Speeches, Lectures, and Letters.
Compilation of anti-slavery speeches delivered by celebrated orator and abolitionist, Wendell Phillips (1811–1884). “They will serve, therefore at least, as a contribution to the history of our Antislavery struggle, and especially as a specimen of the method and spirit of that movement which takes its name from my illustrious friend, William Lloyd Garrison.” (Introduction)
Includes Phillips’ speeches with such titles as “The Murder of [Rev. E.P.] Lovejoy,” The Boston Mob, Harper’s Ferry, Burial of John Brown, and Toussaint L’Ouverture. Other speeches include Woman’s Rights, Lincoln’s Election, and The War for the Union. An 1866 newspaper clipping laid in comprises Phillips’ address to the Cooper Union in New York City discussing Reconstruction-era politics.

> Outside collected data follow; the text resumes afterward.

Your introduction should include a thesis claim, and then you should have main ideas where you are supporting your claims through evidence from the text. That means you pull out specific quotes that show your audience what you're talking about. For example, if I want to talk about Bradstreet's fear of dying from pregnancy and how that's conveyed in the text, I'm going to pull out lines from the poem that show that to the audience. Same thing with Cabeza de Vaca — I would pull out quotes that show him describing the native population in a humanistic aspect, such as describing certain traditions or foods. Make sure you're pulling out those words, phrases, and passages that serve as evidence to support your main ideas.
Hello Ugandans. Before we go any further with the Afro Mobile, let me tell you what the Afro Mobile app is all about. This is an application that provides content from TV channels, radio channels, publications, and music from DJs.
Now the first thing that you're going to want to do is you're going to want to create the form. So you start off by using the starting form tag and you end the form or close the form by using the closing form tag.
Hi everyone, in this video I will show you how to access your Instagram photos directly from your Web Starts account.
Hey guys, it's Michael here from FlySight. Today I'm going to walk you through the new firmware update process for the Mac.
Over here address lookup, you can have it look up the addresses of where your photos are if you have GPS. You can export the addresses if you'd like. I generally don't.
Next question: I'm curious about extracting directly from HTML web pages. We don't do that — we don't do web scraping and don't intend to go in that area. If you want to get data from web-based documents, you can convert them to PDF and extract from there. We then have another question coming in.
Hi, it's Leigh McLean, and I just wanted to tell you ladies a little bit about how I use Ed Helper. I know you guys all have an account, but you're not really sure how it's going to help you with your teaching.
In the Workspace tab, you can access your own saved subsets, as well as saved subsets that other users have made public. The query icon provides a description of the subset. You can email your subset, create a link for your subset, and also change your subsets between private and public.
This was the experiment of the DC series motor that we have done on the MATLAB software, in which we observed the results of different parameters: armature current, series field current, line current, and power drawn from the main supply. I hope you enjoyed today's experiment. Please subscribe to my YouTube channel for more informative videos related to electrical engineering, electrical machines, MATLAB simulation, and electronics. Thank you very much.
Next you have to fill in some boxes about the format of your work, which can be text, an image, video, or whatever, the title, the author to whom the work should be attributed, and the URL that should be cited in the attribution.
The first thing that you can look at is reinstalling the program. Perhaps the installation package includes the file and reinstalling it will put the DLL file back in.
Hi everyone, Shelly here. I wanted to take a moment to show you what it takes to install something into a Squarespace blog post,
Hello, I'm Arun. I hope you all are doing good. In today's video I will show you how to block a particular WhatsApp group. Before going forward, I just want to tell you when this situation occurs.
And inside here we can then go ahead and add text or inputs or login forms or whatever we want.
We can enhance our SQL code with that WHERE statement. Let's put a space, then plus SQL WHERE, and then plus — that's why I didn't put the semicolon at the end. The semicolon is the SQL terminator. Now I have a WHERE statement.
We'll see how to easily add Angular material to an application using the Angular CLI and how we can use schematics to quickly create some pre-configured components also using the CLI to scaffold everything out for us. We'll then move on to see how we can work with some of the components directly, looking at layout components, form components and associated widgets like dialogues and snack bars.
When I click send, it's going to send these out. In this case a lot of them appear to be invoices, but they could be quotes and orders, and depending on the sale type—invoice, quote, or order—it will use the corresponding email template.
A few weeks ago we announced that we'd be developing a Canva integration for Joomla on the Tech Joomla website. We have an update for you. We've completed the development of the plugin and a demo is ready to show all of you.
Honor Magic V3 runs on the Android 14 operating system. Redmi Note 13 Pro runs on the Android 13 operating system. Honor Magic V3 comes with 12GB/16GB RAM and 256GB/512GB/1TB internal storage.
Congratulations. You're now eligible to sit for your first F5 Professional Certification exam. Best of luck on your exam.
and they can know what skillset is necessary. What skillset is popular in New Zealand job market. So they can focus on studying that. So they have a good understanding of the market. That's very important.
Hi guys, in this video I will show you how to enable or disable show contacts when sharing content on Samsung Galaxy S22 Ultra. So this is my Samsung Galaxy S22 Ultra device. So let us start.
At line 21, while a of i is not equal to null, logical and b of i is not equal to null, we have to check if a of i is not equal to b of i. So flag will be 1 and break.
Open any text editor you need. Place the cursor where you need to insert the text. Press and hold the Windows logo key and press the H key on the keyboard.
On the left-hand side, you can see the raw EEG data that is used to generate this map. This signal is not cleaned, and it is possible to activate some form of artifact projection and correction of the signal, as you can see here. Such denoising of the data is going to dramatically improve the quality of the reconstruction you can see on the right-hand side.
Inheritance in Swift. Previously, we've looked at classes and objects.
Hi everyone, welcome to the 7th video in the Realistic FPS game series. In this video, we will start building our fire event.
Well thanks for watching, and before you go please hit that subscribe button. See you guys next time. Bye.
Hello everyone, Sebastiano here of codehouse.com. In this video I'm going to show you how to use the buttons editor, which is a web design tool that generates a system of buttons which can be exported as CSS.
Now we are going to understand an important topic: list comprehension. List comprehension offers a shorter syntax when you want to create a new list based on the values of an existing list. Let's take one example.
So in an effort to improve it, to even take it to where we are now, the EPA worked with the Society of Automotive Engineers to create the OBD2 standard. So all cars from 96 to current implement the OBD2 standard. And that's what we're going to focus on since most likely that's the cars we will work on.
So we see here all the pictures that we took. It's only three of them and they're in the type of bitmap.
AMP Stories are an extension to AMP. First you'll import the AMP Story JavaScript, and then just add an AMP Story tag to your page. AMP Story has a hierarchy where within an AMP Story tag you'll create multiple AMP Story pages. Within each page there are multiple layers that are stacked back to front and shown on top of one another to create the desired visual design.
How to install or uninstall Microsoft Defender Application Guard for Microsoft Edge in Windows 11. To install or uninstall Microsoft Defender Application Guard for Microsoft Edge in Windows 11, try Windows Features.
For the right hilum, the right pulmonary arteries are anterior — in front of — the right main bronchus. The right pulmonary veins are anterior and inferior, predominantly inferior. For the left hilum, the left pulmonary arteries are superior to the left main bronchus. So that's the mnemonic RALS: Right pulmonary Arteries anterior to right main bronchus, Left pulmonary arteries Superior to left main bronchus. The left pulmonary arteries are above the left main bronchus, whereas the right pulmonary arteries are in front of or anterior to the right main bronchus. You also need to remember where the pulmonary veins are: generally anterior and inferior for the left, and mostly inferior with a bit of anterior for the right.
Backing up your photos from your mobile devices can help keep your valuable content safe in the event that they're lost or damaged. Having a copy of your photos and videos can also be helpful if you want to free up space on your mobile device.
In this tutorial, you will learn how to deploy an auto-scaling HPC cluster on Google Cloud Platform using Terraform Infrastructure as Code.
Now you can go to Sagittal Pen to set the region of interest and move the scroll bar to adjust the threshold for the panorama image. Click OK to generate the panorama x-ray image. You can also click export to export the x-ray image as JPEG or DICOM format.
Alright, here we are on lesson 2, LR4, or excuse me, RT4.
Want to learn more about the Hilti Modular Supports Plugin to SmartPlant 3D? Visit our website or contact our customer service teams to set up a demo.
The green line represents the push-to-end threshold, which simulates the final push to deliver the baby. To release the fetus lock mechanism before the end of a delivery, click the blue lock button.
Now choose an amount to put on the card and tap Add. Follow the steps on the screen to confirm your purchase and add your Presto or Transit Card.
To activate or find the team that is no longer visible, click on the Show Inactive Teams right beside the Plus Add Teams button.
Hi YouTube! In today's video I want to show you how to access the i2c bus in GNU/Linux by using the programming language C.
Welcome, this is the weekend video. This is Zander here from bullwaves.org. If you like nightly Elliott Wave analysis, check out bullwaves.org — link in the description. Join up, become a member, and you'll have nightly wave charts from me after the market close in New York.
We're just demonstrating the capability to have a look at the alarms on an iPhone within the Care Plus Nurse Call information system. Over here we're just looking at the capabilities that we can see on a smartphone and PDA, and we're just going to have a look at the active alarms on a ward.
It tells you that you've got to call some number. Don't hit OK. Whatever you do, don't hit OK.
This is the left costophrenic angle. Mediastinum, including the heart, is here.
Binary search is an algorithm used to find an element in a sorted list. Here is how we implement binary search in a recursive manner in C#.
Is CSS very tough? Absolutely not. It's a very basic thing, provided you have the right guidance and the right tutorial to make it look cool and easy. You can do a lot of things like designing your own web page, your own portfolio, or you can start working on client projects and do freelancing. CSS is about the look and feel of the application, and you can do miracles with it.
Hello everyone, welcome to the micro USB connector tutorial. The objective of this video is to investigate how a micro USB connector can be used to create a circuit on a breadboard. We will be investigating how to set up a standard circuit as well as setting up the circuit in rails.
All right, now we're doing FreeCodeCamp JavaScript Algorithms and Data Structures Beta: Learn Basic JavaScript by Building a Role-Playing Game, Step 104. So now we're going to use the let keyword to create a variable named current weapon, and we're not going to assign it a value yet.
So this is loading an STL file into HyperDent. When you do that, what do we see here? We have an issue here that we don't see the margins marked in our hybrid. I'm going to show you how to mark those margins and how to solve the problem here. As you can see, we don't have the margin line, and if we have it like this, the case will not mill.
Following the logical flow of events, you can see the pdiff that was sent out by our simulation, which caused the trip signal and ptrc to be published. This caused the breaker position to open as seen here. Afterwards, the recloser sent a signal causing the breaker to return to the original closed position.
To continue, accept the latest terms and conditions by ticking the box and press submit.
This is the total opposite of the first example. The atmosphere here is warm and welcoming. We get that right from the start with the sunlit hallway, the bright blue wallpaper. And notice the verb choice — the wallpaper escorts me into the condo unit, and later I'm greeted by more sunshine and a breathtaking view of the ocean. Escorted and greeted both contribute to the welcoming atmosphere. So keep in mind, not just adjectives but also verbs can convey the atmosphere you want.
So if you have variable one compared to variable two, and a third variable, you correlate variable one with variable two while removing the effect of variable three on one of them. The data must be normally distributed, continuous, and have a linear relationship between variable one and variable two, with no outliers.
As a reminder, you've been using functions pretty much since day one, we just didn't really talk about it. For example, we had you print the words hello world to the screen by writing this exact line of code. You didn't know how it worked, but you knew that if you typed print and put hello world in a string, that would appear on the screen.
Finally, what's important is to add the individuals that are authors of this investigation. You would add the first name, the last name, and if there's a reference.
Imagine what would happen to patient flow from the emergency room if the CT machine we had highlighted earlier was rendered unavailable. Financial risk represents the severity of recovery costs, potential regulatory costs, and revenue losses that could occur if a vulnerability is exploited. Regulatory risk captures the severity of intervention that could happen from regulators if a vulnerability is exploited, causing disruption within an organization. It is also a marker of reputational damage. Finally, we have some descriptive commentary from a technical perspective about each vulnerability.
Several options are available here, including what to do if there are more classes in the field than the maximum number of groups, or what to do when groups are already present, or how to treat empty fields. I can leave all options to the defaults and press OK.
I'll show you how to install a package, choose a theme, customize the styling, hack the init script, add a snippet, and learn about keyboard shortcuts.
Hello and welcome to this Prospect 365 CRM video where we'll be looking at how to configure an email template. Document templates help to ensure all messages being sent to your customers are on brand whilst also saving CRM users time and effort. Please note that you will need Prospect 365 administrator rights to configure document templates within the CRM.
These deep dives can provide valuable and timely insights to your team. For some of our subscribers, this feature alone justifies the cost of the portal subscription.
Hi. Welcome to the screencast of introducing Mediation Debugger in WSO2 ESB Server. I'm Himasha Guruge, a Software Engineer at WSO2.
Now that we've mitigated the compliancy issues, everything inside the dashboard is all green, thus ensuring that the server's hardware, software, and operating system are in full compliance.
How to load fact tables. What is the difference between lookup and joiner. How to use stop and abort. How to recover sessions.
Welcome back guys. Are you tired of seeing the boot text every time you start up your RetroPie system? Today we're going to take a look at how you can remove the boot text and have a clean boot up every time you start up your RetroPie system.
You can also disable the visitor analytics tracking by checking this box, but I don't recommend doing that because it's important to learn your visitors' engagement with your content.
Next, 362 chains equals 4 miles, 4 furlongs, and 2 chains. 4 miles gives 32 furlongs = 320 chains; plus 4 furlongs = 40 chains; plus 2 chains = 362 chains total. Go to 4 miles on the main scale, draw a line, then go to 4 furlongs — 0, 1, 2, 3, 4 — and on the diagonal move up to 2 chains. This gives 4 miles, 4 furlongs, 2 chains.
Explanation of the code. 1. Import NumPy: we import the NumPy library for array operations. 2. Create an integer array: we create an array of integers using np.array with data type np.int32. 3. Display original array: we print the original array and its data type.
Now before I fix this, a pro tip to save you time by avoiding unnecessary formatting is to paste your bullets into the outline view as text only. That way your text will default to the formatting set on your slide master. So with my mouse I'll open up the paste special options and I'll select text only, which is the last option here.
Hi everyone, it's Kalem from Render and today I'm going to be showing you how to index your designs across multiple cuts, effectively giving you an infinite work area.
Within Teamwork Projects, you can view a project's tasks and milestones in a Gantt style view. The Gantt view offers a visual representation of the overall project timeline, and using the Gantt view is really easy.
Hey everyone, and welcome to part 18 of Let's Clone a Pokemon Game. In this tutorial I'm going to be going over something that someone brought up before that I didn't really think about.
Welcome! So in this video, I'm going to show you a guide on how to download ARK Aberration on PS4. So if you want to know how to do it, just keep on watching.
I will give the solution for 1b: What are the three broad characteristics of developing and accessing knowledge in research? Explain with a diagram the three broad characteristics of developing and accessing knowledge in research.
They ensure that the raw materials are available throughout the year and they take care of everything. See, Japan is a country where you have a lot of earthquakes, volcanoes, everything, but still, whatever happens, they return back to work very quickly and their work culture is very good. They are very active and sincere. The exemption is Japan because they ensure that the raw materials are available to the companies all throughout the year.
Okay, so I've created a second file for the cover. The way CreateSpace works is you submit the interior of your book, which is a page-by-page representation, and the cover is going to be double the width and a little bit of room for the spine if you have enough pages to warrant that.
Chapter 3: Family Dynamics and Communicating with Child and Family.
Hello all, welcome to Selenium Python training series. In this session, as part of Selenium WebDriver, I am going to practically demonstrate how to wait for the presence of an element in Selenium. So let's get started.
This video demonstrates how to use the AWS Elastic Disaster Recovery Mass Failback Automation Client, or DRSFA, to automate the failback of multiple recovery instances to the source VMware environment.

“As an orator who conceived of himself as a latter-day Patrick Henry or Edmund Burke, Phillips’s conception of the abolitionist as the catalyst for revolution in public opinion fitted his oratorical talents perfectly. In the 1850s no public speaker more completely dominated the debate over the problem of slavery and the growing crisis between North and South than did Phillips. ... In the years immediately before the Civil War Phillips’s oratory, not his labors for the American Anti-Slavery Society, defined his greatest significance. ... Phillips’s speeches, particularly those urging defiance of the 1850 Fugitive Slave Law, supporting free-soil struggles in Kansas, and praising John Brown’s invasion of Harpers Ferry, gave Yankee political culture a strain of egalitarian extremism that presaged a war for slave emancipation.” (ANB)
Description: Speeches, Lectures, and Letters.
Boston: Walker, Wise, and Company, (1863) 1864. Seventh Thousand. iv, , 562pp. 8vo. Publisher’s green glazed green cloth with gilt spine titling; top edge gilt. Near fine with bright gilt.